- _Required action_: Starting at the line that contains "Beekeepers Cotton Full" in the listing below, write out every line word for word until you have written the line that contains "18ct White Gold".

- _Given data_:
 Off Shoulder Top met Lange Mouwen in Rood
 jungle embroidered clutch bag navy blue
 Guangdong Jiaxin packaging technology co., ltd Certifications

...

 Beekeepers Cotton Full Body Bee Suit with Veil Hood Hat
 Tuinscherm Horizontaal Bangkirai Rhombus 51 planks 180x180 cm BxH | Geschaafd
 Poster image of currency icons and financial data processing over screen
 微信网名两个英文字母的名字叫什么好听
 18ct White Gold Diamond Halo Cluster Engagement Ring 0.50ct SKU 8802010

- _Result_:
 Beekeepers Cotton Full Body Bee Suit with Veil Hood Hat
 Tuinscherm Horizontaal Bangkirai Rhombus 51 planks 180x180 cm BxH | Geschaafd
 Poster image of currency icons and financial data processing over screen
 微信网名两个英文字母的名字叫什么好听
 18ct White Gold Diamond Halo Cluster Engagement Ring 0.50ct SKU 8802010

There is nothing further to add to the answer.